* Exercise aim
Among the entries that follow, locate the line with "Hofer Hofer-Reisen Rundreise" and the line with "Zdjęcie produktu Joma". Output those lines and all lines in between, exactly, minus the pictures.

* Exercise input
===
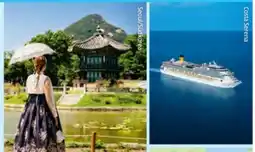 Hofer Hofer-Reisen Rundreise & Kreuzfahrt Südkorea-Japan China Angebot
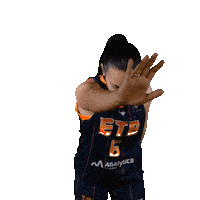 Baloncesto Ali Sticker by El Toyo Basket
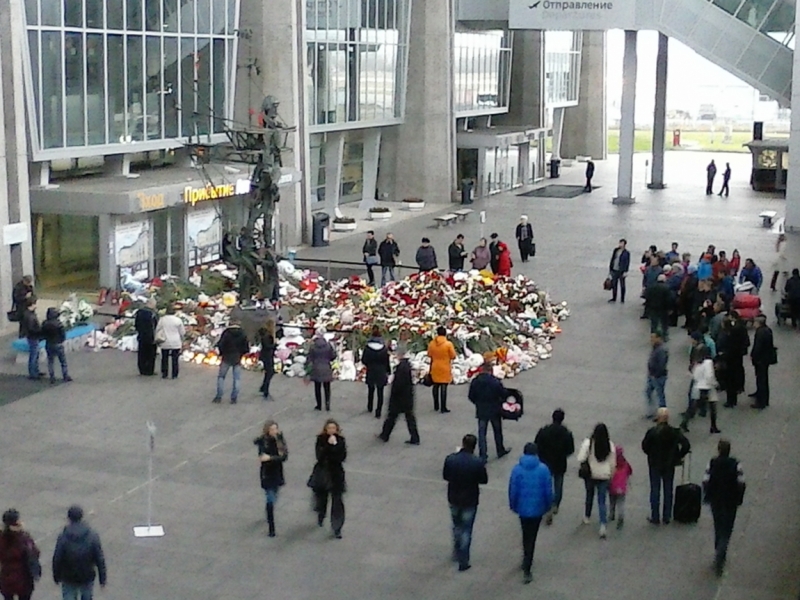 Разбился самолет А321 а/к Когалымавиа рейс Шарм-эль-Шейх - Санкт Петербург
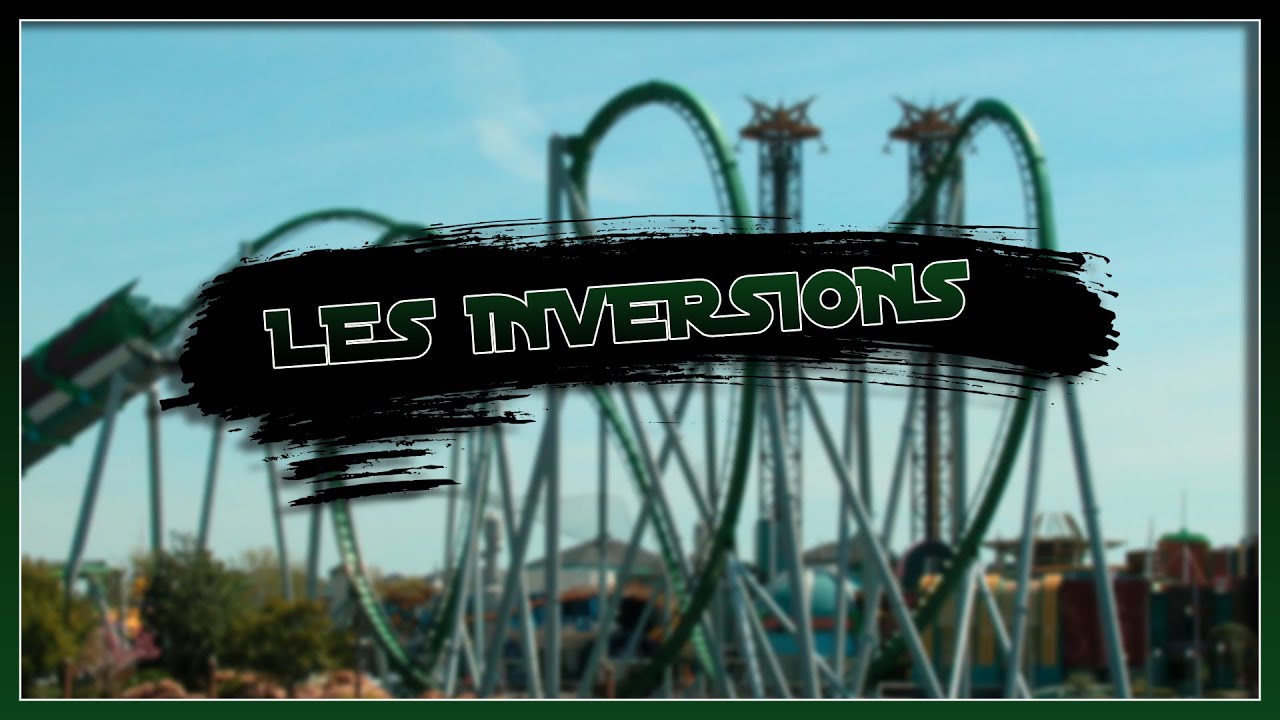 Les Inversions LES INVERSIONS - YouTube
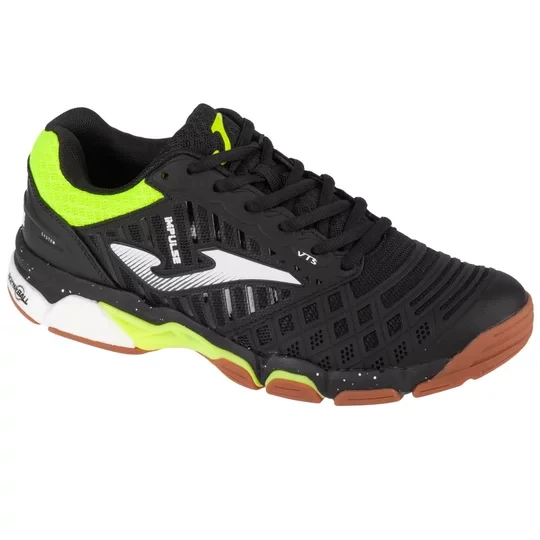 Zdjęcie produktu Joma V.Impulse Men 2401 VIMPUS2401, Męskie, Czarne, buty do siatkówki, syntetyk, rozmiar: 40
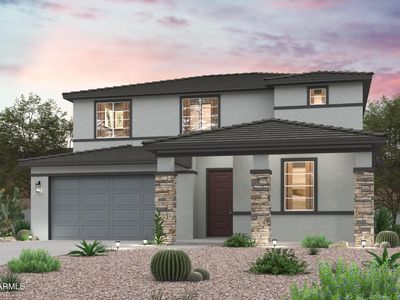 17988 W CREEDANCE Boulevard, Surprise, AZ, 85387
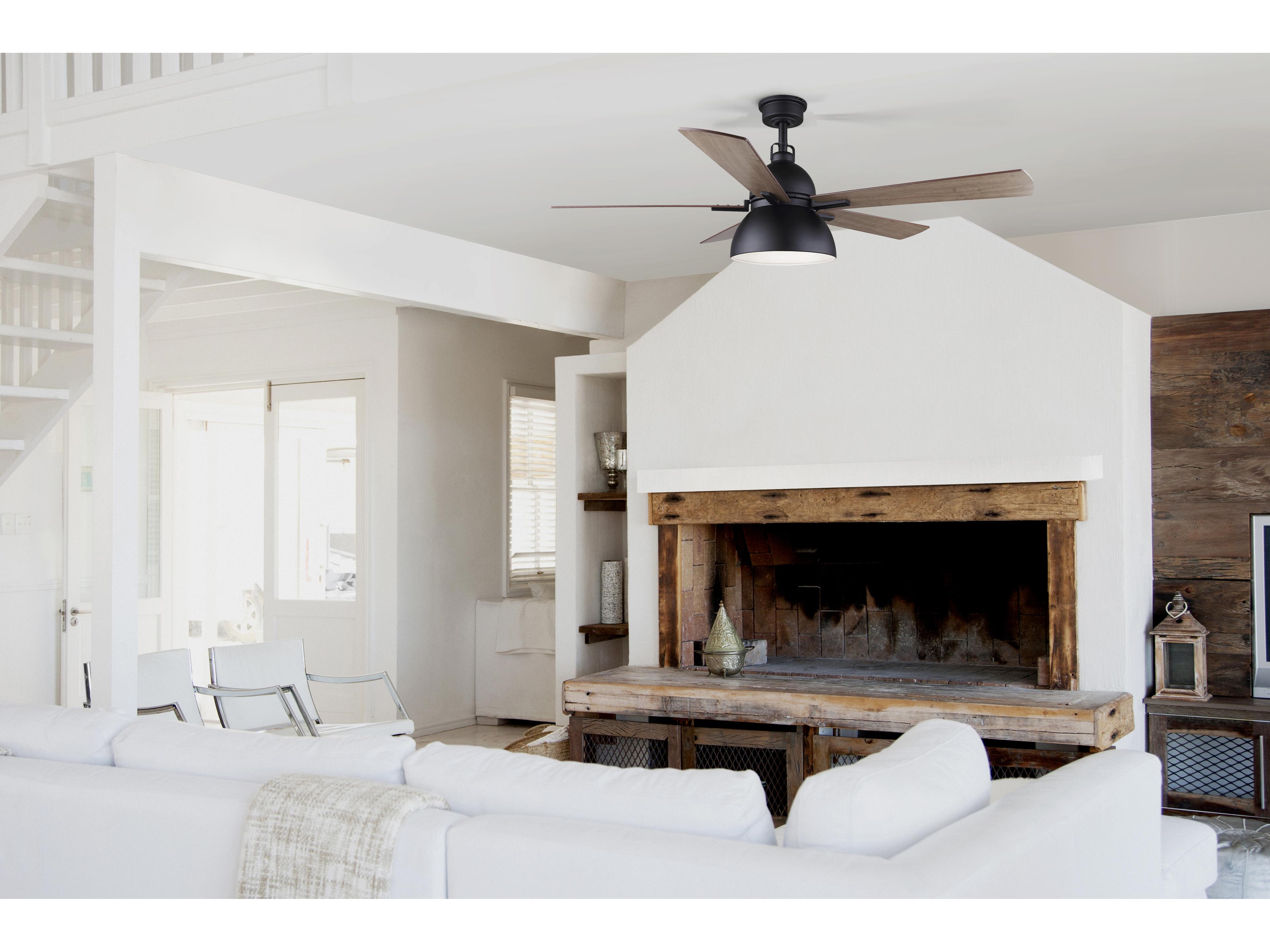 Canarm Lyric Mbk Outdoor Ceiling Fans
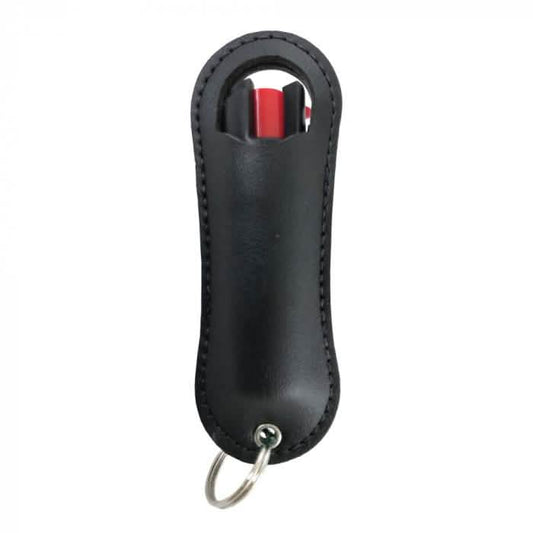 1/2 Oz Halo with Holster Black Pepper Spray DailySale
===
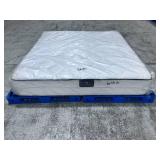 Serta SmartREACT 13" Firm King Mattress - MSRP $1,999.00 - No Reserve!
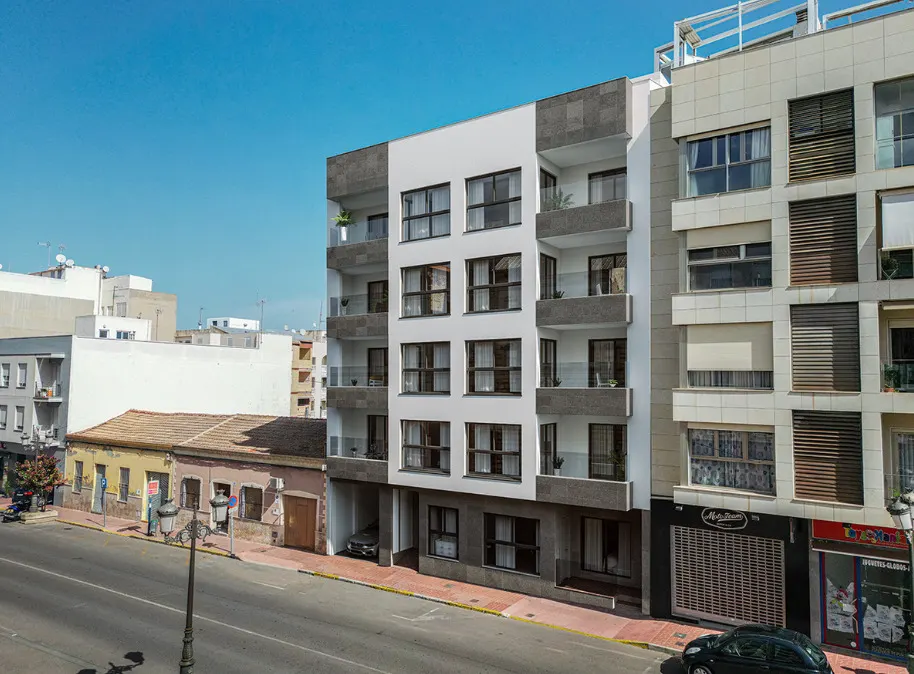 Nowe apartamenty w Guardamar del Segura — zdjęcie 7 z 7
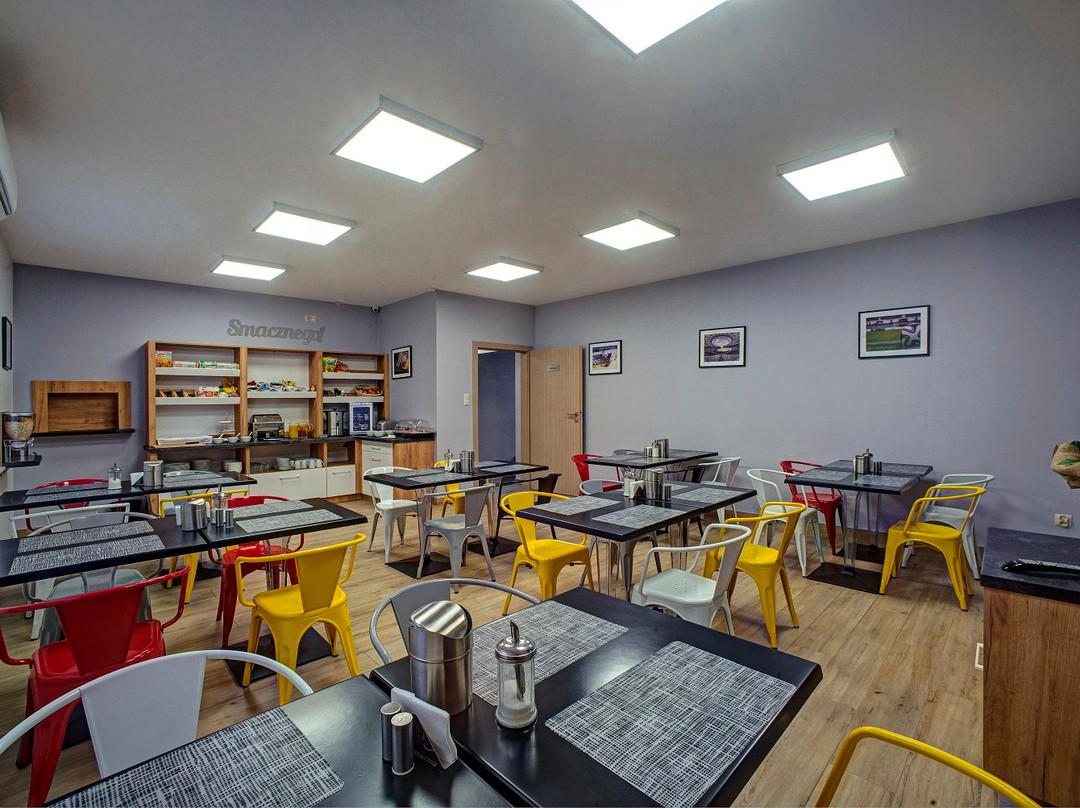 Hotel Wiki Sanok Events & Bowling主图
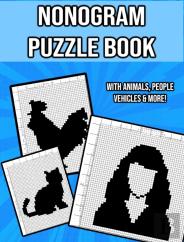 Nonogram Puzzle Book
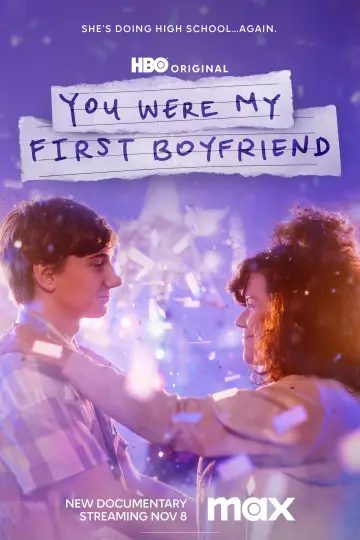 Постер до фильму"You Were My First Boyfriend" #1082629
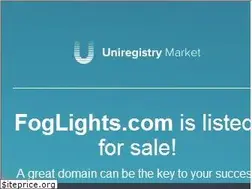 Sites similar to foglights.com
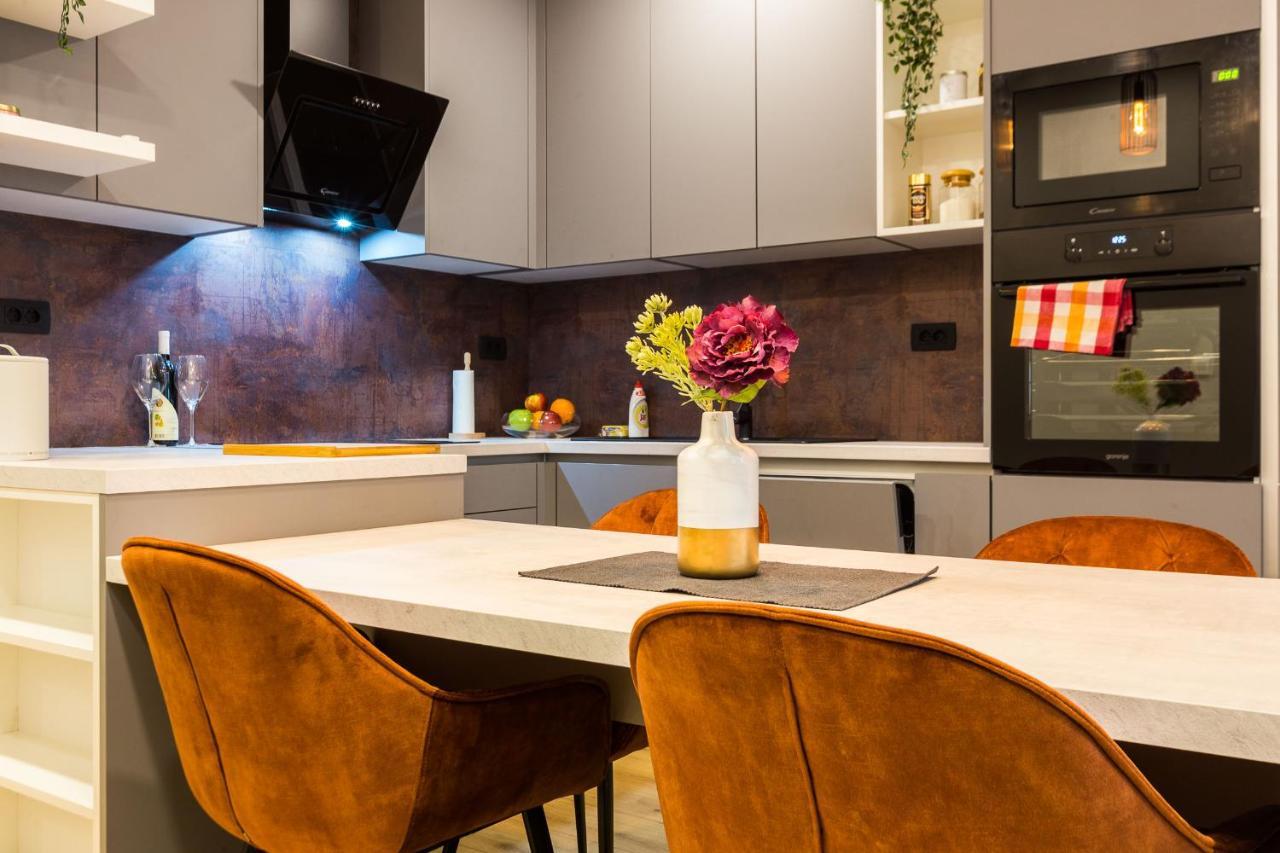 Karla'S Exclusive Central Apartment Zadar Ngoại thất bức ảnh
===
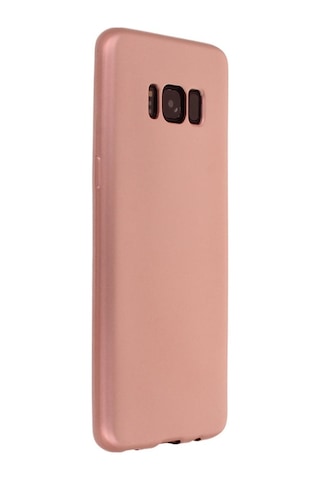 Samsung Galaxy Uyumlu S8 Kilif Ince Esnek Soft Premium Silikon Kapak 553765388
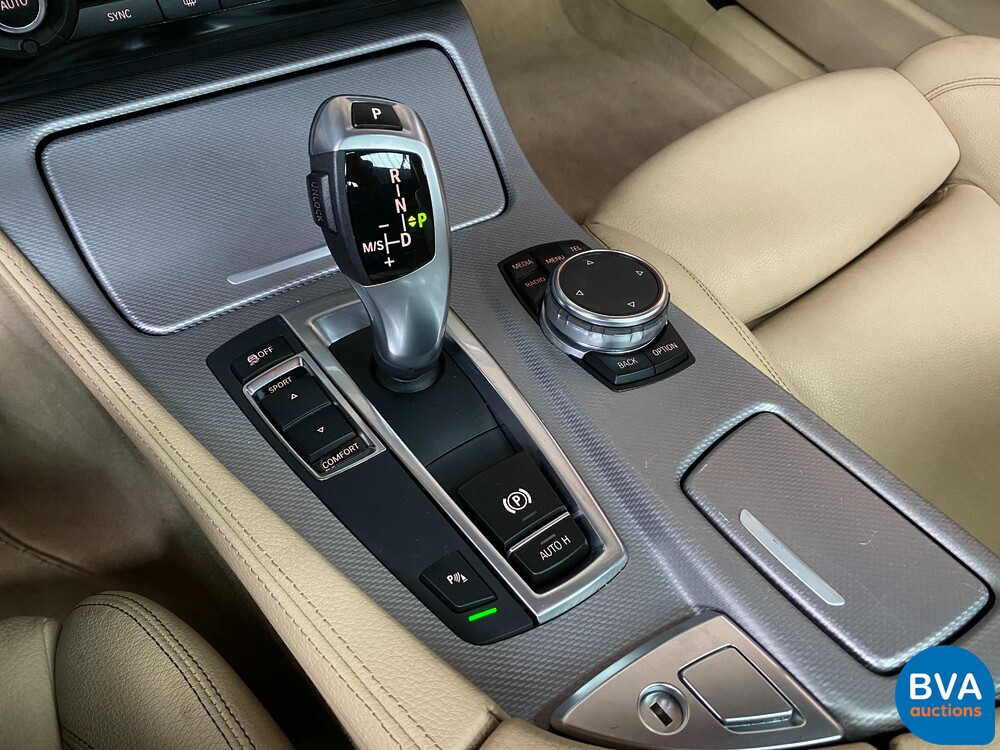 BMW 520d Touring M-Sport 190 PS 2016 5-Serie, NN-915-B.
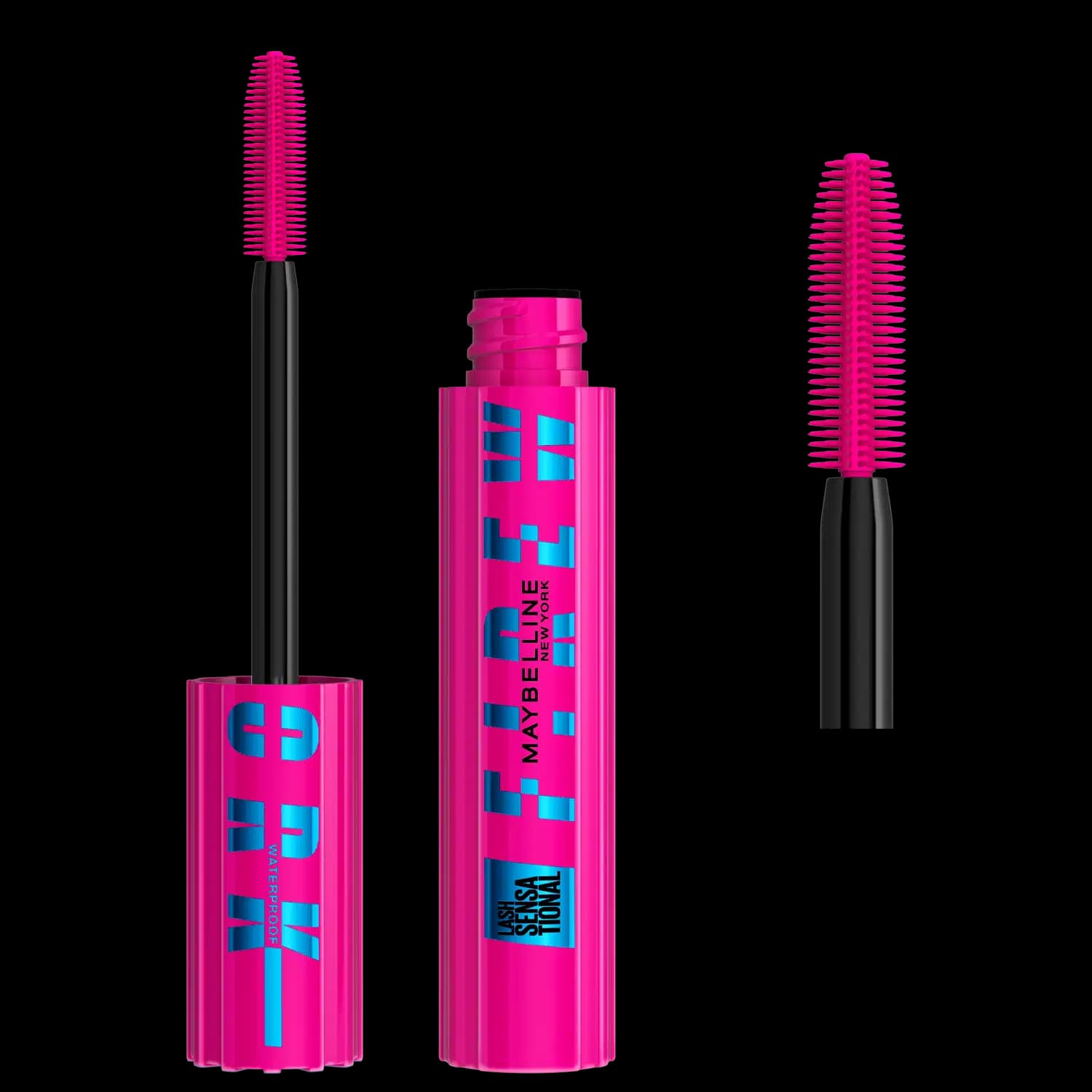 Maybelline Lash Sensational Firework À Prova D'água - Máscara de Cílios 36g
===
* Your solution
 Hofer Hofer-Reisen Rundreise & Kreuzfahrt Südkorea-Japan China Angebot
 Baloncesto Ali Sticker by El Toyo Basket
 Разбился самолет А321 а/к Когалымавиа рейс Шарм-эль-Шейх - Санкт Петербург
 Les Inversions LES INVERSIONS - YouTube
 Zdjęcie produktu Joma V.Impulse Men 2401 VIMPUS2401, Męskie, Czarne, buty do siatkówki, syntetyk, rozmiar: 40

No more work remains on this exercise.